# Wood arrows from lumber???



## TREXBOWKILL (Mar 13, 2009)

I have been researching how to make wood arrows from boards using a homemade jig and a block plane.  If I understand the instructions correctly, it looks like you rip the boards into square strips and place them in a block of wood with a V cut into it, next step is to plane and rotate until the arrow almost round, finishing the high spots with sand paper.

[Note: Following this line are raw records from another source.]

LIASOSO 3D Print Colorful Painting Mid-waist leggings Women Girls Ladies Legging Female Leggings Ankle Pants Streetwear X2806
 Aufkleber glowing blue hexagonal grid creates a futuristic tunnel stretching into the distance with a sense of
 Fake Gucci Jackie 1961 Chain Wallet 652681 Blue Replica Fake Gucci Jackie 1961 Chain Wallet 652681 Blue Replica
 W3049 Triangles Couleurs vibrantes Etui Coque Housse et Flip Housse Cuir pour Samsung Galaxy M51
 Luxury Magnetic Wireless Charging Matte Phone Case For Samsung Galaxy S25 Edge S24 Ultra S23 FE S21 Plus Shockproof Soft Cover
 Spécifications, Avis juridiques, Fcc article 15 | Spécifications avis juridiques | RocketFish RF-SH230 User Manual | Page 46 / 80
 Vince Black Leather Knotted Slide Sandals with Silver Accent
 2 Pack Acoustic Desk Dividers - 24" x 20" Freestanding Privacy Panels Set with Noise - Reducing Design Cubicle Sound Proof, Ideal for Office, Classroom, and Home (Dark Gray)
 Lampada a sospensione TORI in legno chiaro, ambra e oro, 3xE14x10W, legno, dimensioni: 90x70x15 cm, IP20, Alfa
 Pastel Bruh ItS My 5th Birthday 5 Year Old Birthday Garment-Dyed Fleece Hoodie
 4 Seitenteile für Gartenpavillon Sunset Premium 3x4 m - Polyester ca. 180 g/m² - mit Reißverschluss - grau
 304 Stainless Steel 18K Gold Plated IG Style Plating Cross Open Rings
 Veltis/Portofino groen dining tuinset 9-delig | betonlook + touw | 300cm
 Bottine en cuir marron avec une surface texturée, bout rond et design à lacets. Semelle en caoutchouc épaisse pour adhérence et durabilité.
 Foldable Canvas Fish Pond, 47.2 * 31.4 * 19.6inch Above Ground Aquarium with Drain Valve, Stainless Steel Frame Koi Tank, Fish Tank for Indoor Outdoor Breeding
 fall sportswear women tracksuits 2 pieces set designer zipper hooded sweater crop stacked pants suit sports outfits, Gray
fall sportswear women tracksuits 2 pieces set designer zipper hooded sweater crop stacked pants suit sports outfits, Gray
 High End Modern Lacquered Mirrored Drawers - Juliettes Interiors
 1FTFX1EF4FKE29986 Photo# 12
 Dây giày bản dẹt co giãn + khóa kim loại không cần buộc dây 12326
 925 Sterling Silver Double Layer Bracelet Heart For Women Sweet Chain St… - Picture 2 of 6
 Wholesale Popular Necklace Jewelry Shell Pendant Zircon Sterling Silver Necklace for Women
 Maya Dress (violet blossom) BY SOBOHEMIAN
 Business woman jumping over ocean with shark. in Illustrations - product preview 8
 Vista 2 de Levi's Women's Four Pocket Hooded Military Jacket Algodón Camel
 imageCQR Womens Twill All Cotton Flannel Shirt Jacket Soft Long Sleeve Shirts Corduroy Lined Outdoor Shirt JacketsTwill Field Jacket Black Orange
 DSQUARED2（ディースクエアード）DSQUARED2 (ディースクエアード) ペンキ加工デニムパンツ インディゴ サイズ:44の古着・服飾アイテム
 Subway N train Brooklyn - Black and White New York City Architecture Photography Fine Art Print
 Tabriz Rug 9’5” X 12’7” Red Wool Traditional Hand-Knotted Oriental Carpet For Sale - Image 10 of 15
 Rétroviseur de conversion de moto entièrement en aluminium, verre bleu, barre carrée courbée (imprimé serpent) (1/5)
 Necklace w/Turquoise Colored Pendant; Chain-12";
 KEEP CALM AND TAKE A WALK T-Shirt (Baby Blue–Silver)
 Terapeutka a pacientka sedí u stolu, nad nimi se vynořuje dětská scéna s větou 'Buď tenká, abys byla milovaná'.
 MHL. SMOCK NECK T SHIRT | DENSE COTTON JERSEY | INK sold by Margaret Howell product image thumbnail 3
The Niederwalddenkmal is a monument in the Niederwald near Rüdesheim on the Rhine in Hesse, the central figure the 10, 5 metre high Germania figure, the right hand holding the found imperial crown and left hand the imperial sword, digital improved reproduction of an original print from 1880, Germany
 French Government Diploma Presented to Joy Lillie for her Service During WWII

Does anybody make wood arrows using this method?? What type of arrow wood do you use? Where do you get your wood? Can you laminate the wood for a stronger arrow?  Does anybody have the measurements of the jig and/or pics of the jig and the process?

Thanks in advance.

TREXBOWKILL


----------



## rapid fire (Mar 14, 2009)

Don't really know, but it seems like kiln dried wood would break easily in the form of an arrow.


----------



## Bowyer29 (Mar 14, 2009)

I read a thread on another site where the guys take a dowel jig, or dowel maker, cut the boards into 3/8 to fit  drill chuckand feed them into the dowel maker. I will pm you the site to not be disrespectful on this site.

Nick


----------



## NCHillbilly (Mar 14, 2009)

I've hand-planed quite a few out like that, works good. Many different woods will work; a few I've used are pine, poplar, spruce, and ash. Good straight grain is a must, thight growth rings help, too. I rip them into 3/8" squares on the table saw and then plane them down to 11/32" or 23/64". It takes a few to get the hang of it, but is pretty easy once you get the feel of it. You can use a hole in a piece of wood the size of the finished shaft you want to gauge diameter as you go.


----------



## whitworth (Mar 14, 2009)

*Now what did the*

Indians do to shoot in their bows?


----------



## Bowyer29 (Mar 14, 2009)

Hand straightened(SP) shoots from trees.


----------



## schleylures (Mar 15, 2009)

River cain.


----------



## Al33 (Mar 15, 2009)

Bowyer29 said:


> I read a thread on another site where the guys take a dowel jig, or dowel maker, cut the boards into 3/8 to fit  drill chuckand feed them into the dowel maker. I will pm you the site to not be disrespectful on this site.
> 
> Nick



Thank you for being considerate, but we have no problems linking to other sites when the occasion will benefit another member(s) here, so feel free. Usually linking to other sites is in response to a question such as this one. It is when someone is trying to promote their products/services or other sites that the advertising problems kick in. Also please, keep in mind we will remove any links to sites that are obviously less than family friendly, but of course I do not suspect that will be the case with the site you are thinking of.

Thanks again,


----------



## TREXBOWKILL (Mar 15, 2009)

Thanks to everybody, I did visit the other site and forgot to wake my wife for church, I can shoot pretty good groups inside a doghouse!!!!  I am still researching and learning!!!

TREXBOWKILL


----------



## choctawlb (Mar 18, 2009)

Most of the Southeastern Tribes used "River Cane" for their arrows. Cane is simple to harvest, easier to process, straightens fairly simply, and is twice as tough as most wood arrows. I played with planing some arrows several years ago and it to me it was just too labor intensive for the end result. Not trying to discourage you from hand planing arrows, just letting you know there is an easier route to producing shootable arrows from natural materials. Producing things the hard way , and making your own equipment , is half the fun in "Primitive" archery anyway.
Ken


----------